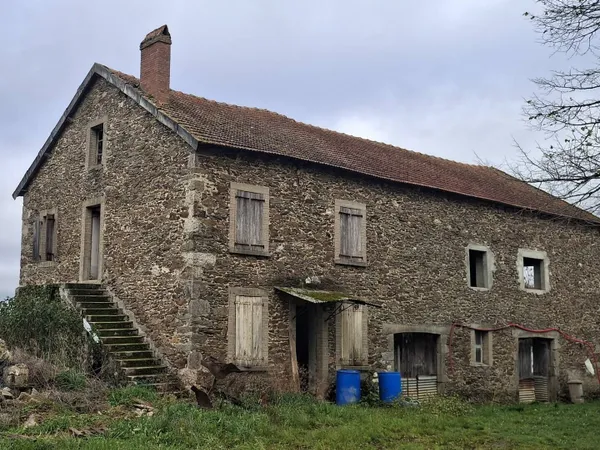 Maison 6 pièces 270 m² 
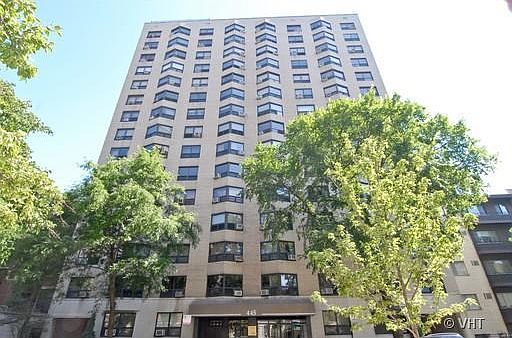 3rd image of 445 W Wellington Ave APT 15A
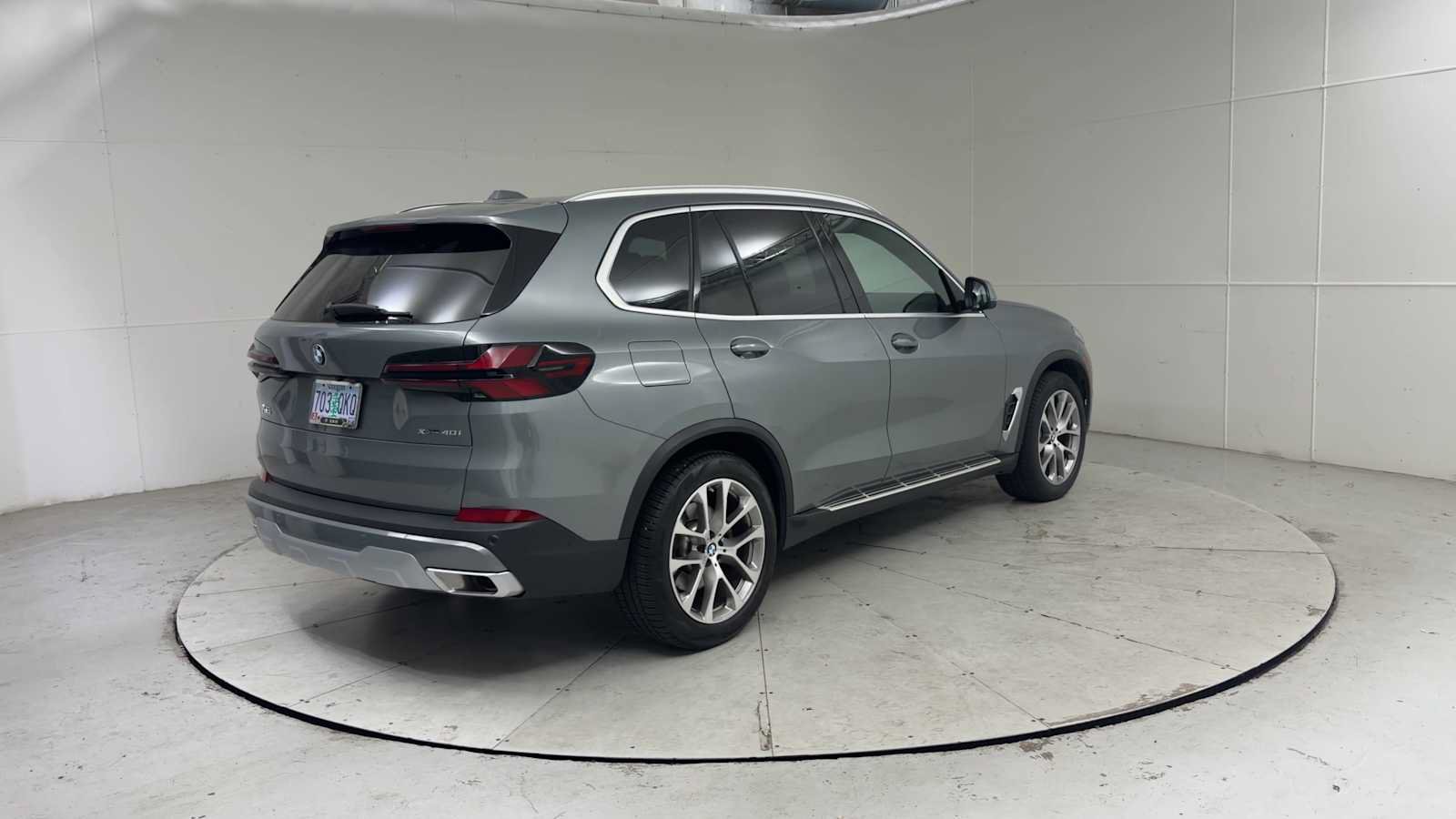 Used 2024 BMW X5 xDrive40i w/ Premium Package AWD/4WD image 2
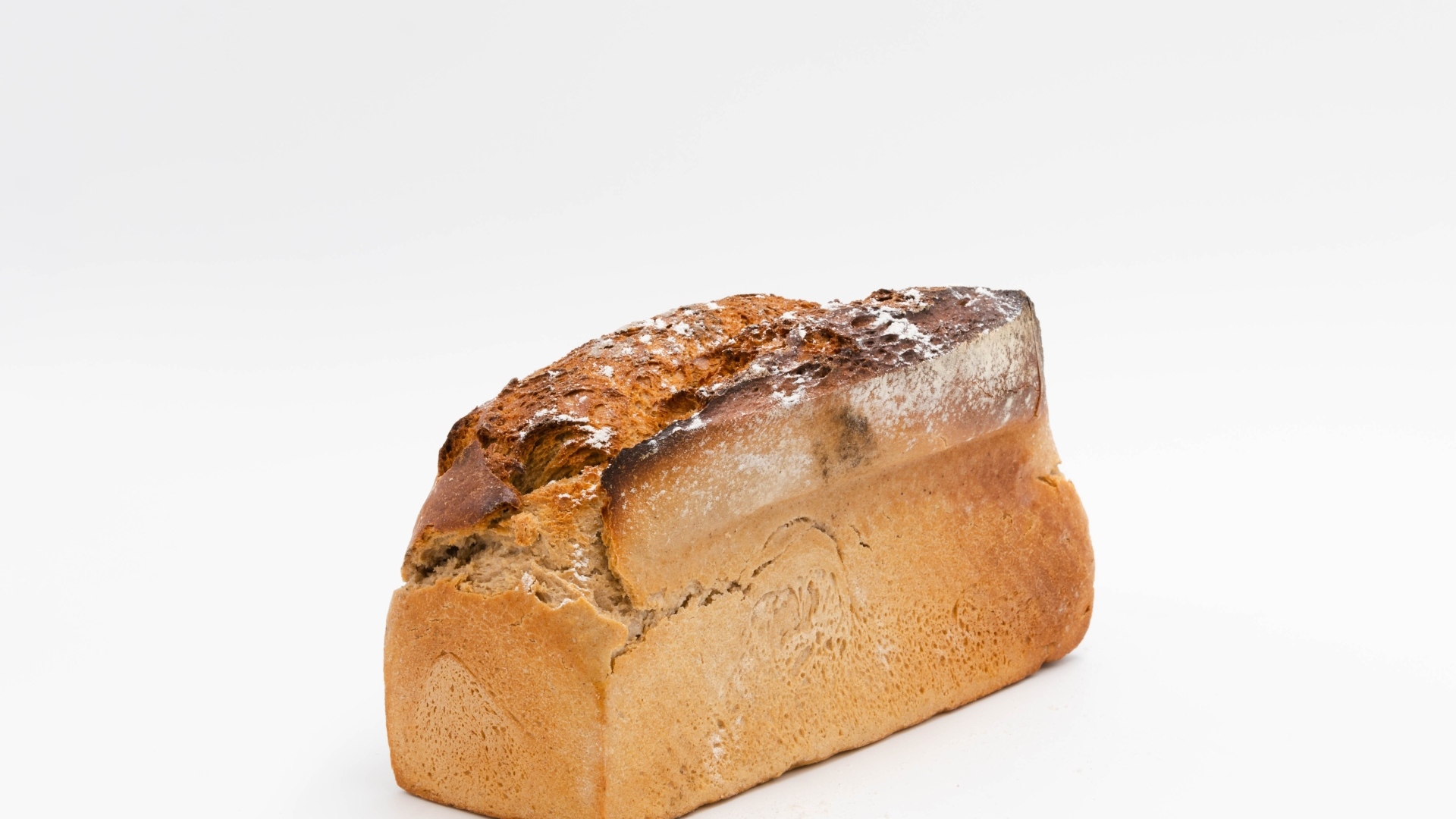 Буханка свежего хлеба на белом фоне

▸ **Requirement**
The task requires restating verbatim the lines from the one that holds "Used 2024 BMW" through the end of the listing, both ends counted, and no pictures.

▸ **Task answer**
 Used 2024 BMW X5 xDrive40i w/ Premium Package AWD/4WD image 2
 Буханка свежего хлеба на белом фоне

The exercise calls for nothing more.